Class A in the Suffolk Fields

Metfield was built in 1943 as a standard Class-A bomber base with three intersecting concrete runways, fifty dispersal points, and two T-2 hangars. Construction required closing the B1123 road between Halesworth and Harleston. The buildings to house its 2,900 personnel sprawled across former farmland to the southwest. The airfield was assigned to the United States Army Air Forces Eighth Air Force and given the designation USAAF Station 366. It was one of the most isolated Eighth Air Force fields in Suffolk, surrounded by countryside rather than other military activity.

Black and Yellow Checks

The first American occupants arrived on 3 August 1943: the 353rd Fighter Group, flying Republic P-47D Thunderbolts. They painted their aircraft with black, yellow, black, yellow spinners and a striking 48-inch black and yellow check band around each cowling, all the way back to the exhaust stubs. The 353rd was the fourth P-47 unit to join the Eighth Air Force, and from Metfield they flew counter-air sweeps over France and the Low Countries, escorted bombers to targets in western Europe, and dive-bombed German positions in France. On 12 April 1944 they moved on to RAF Raydon, and the field became a heavy bomber station.

Circle Z Liberators

The 491st Bombardment Group (Heavy) flew its Consolidated B-24 Liberators into Metfield in late May 1944, the last aircraft arriving on the 30th. Their tail code was a Circle Z. The squadrons, the 852nd, 853rd, 854th, and 855th, had been recruited unusually, with ground crews drawn from other stations across the 2nd Air Division. They began combat on 2 June, just in time to hammer airfields, bridges, and coastal defenses before and during the Normandy invasion. After D-Day they ranged across Germany, hitting Berlin, Hamburg, Kassel, Cologne, Gelsenkirchen, Bielefeld, Hannover, and Magdeburg. Once they bombed the headquarters of the German General Staff at Zossen. On 15 August 1944 the 491st was reassigned to RAF North Pickenham.

Clandestine Sweden

After the 491st left, a strange new tenant arrived. The 1409th Army Air Force Base Unit took over some of the B-24s, operating them alongside Douglas C-47 Skytrains and C-54 Skymasters under the command of the European Division of Air Transport. Their mission was classified: clandestine transport runs to neutral Sweden, flying out special materials and ferrying personnel. They also used RAF Leuchars in Scotland as an advanced base. On 4 March 1945, during the Luftwaffe's nighttime intruder mission Operation Gisela, a Junkers Ju 88G-6 strafed Metfield, killing one man in the control tower. The German night fighter had been trying to attack an inbound B-24 with its Schrage Musik upward-firing cannon and crashed just south of the airfield.
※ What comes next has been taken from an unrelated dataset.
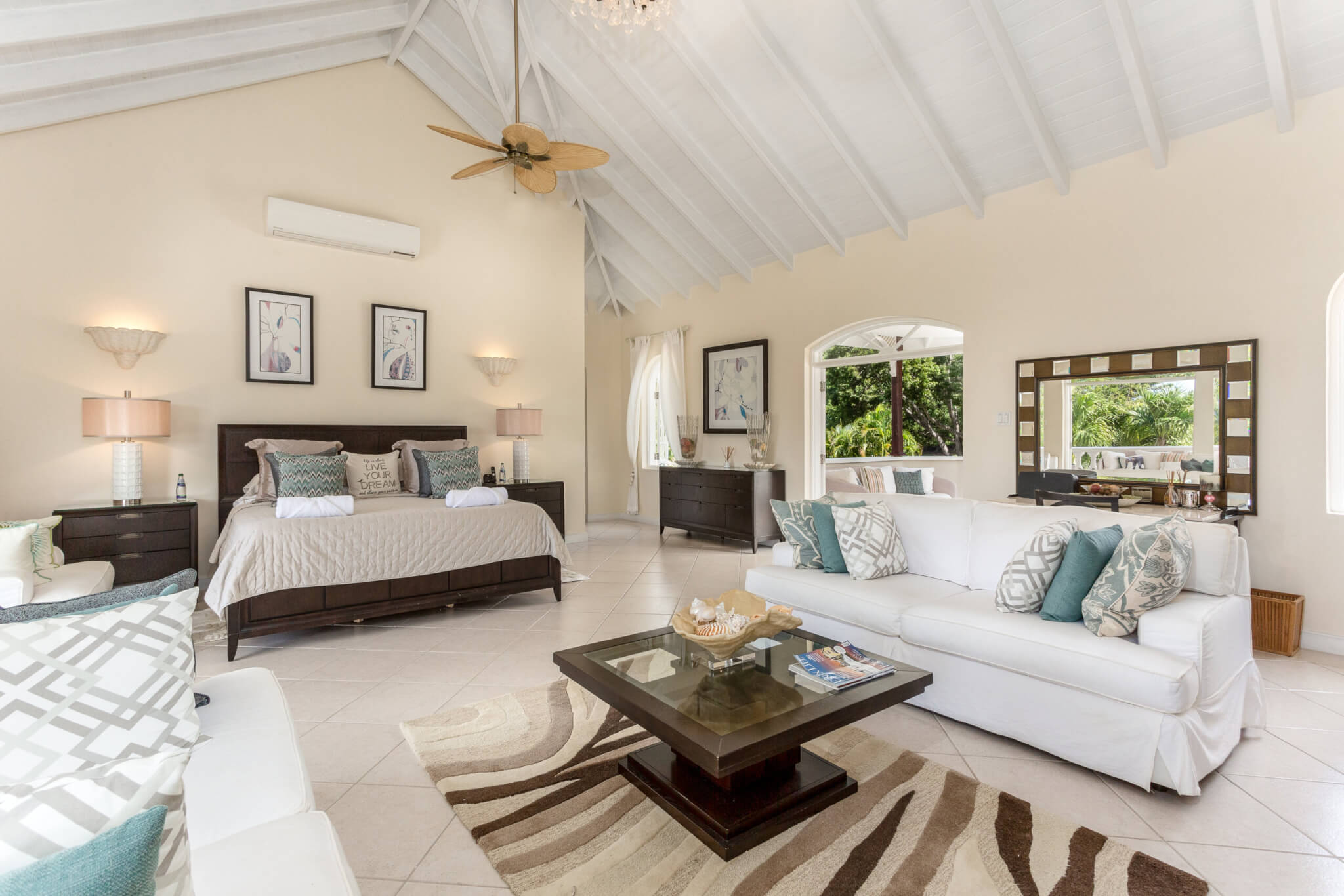 Master bedroom with high ceilings and a lounge area with two lounges and a coffee table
The Lake That Was a Crater

The 1944 explosion left a crater so large that an entire loop road had to be built to bypass it. For years afterward, the crater filled with water, becoming a lake that locals used as a dump for discarded equipment. When it was finally drained and cleaned, divers found everything from cookware to several unexploded bombs. Fragments of the 1944 ordnance still surface in the surrounding fields. The airfield itself was abandoned in May 1945 and sold off in 1964 and 1965. Today only a few brick buildings, some deteriorating Nissen huts, and concrete taxiway remnants suggest that 2,900 Americans once lived and fought from this quiet patch of Suffolk farmland.

From the Air

RAF Metfield sits at 52.367 degrees north, 1.396 degrees east, just southeast of Metfield village in Suffolk. Nearby aviation: Norwich Airport (EGSH) is roughly 18 nautical miles north; the Norfolk and Suffolk Aviation Museum at Flixton (next to former RAF Bungay) lies about 7 nautical miles to the east; RAF Honington (EGXH) is 15 nautical miles west. Recommended viewing altitude is 2,500 to 4,000 feet AGL to pick out the agricultural ghost of the triangular runway pattern and the section of preserved taxiway.